====== Material to process

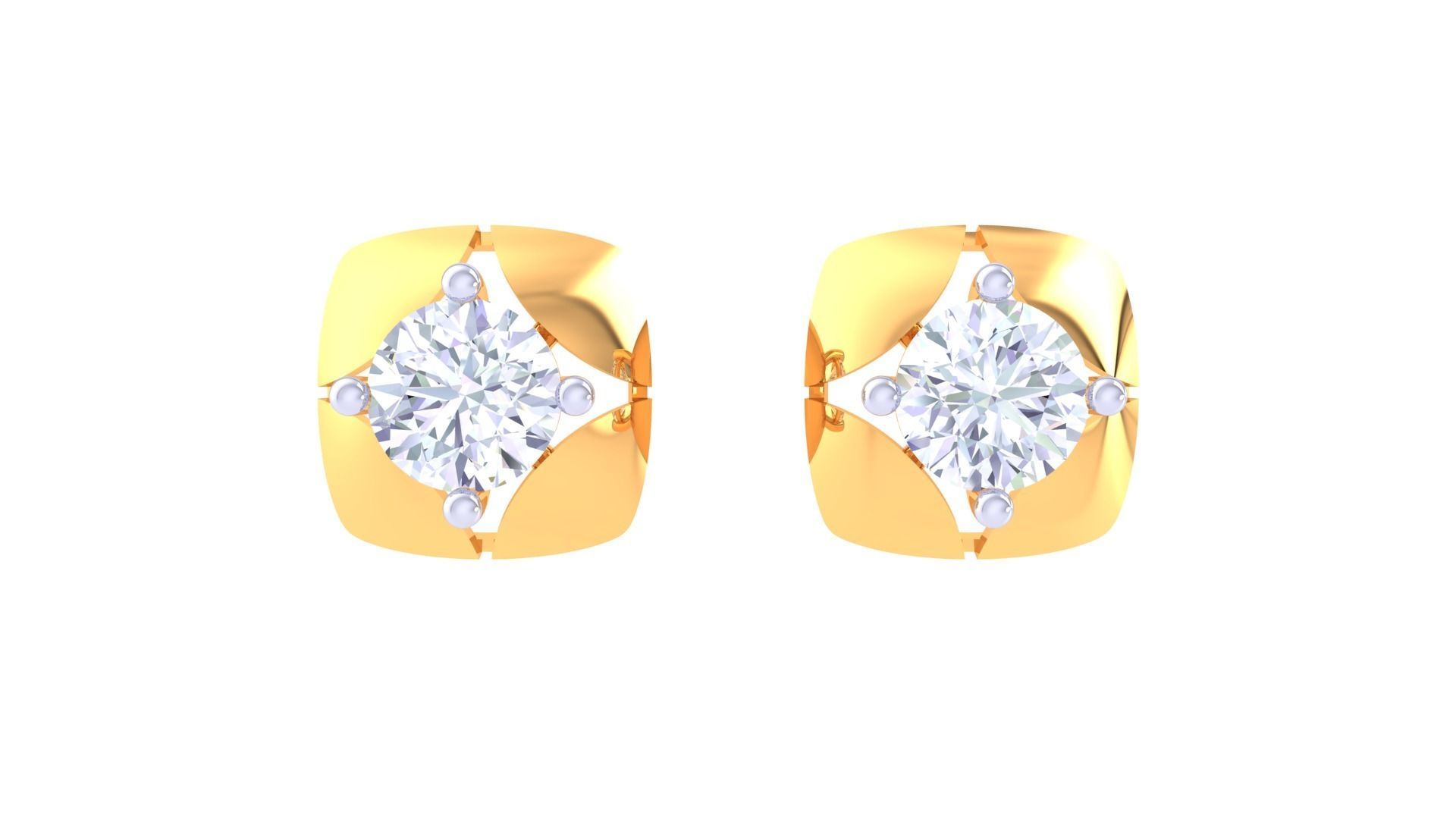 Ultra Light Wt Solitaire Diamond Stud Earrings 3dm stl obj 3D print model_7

============
====== Material to process

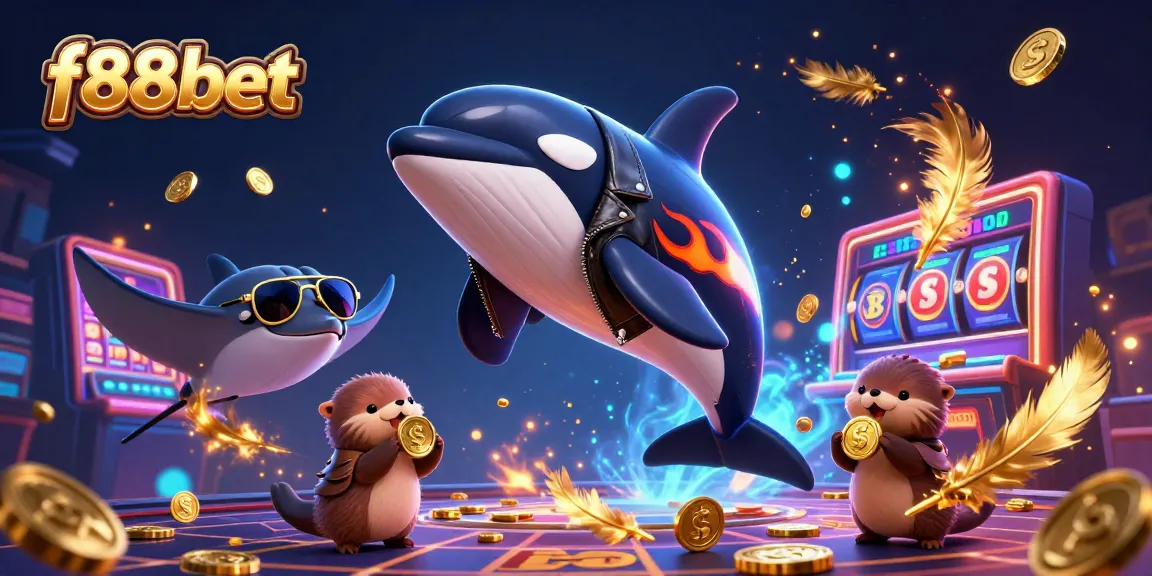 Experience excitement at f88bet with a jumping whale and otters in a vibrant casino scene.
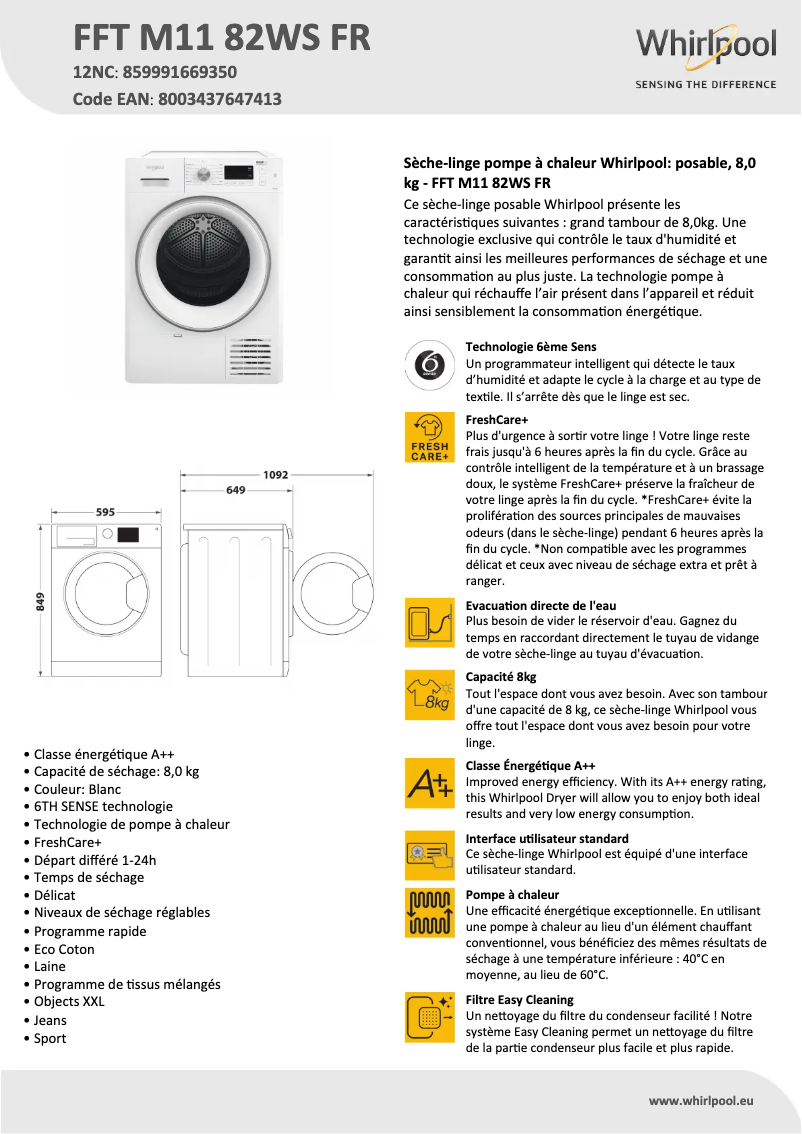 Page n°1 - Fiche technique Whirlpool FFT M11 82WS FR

============

Problem requirements = With the pictures removed from your copy, retype the lines above from the one that contains "Experience excitement at" through the one that contains "Page n°1 - Fiche", exactly.

Solution to this exercise =
 Experience excitement at f88bet with a jumping whale and otters in a vibrant casino scene.
 Page n°1 - Fiche technique Whirlpool FFT M11 82WS FR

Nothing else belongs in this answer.